Based on forecast production, natural gas sales in 2021 are expected to be 46% at Chicago, 36% at BC Station 2, 11% at AECO and 7% at Alliance ATP.  Sales into Canadian markets will increase from approximately 35% in 2020 to 54% in 2021 as a result of the expiry of a sales commitment in October 2020 for 12 Mmcf per day at Sumas and as incremental production growth is directed to BC Station 2.  Sales into Chicago use contracted capacity on the Alliance Pipeline which currently totals 57 Mmcf per day with Storm having the option to renew any portion or all of the capacity on an annual basis.  Storm’s natural gas price for the first nine months of 2020 declined by 25% year over year largely as a result of 67% of sales being into US markets at Chicago and Sumas where prices declined by an average of 40% (as compared to the average increase of 75% for Canadian prices at AECO and BC Station 2).  The natural gas marketing strategy will continue to be based on diversifying sales as much as possible to mitigate regional price differences caused by supply/demand imbalances that are difficult to predict in terms of timing and duration.

At Nig Creek, results from the first well targeting the lower Montney show that there is a second layer to develop with rates of return expected to be comparable to development at Umbach depending on the WTI oil price.  With production having a higher proportion of condensate (average 840 Boe per day sales including 200 barrels per day of condensate over the first 9 months), the timing for follow-up wells is largely dependent on the WTI oil price.

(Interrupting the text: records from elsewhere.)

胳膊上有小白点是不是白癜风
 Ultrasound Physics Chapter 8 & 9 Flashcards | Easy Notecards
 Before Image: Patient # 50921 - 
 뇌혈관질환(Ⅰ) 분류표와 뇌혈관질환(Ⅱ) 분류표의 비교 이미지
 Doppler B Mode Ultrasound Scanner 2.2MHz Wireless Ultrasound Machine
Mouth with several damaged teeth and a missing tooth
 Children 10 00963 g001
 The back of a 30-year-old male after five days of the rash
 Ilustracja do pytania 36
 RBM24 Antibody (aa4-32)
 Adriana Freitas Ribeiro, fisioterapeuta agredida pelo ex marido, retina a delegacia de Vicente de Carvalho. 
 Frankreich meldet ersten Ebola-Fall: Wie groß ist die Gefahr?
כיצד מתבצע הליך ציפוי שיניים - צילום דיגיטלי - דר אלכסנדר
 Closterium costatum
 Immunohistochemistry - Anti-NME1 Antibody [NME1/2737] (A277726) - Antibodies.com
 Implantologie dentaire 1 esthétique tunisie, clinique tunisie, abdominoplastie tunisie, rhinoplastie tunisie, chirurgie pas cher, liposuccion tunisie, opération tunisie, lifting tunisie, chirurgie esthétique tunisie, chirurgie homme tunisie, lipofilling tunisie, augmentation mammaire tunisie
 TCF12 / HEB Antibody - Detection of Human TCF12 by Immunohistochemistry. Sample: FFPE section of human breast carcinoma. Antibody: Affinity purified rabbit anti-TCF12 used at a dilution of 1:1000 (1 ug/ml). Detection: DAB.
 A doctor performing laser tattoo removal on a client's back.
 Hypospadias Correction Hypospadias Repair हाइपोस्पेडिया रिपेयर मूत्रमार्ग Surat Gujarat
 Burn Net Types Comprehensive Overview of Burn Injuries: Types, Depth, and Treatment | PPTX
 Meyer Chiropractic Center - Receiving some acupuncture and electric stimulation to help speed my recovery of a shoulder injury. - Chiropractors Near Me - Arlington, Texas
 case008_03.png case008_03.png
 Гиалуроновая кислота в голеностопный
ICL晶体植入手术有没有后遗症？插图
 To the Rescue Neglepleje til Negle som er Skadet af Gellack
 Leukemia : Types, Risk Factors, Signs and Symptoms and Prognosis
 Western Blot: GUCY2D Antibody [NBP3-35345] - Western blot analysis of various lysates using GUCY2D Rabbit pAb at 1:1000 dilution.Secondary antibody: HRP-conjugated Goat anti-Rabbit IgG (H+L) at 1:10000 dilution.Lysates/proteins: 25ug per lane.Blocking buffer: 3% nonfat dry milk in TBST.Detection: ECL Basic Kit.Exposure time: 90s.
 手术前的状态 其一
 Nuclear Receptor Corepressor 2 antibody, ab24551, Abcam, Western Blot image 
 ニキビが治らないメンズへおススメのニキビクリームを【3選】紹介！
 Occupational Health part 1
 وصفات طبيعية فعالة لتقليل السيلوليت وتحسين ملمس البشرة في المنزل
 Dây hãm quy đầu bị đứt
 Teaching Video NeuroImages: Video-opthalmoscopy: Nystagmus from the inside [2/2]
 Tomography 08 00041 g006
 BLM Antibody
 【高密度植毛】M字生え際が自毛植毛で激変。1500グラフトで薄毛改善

Financial results are expected to improve significantly in the fourth quarter of 2020 and into 2021 with higher forward strip commodity prices, increased natural gas sales into Canadian markets, and with production growth from the Nig Creek area where production costs are materially lower ($1.29 per Boe year to date) than the corporate average and where liquids recoveries are the highest (22% liquids year to date).

As always, capital investment will remain flexible and may be adjusted up or down depending on commodity prices.  In 2020, capital investment is expected to be equal to or less than funds flow with forecast annual production increasing by 15% from last year.  For 2021, the intent is to improve financial flexibility with capital investment expected to be less than funds flow while forecast annual production increases by a further 18%.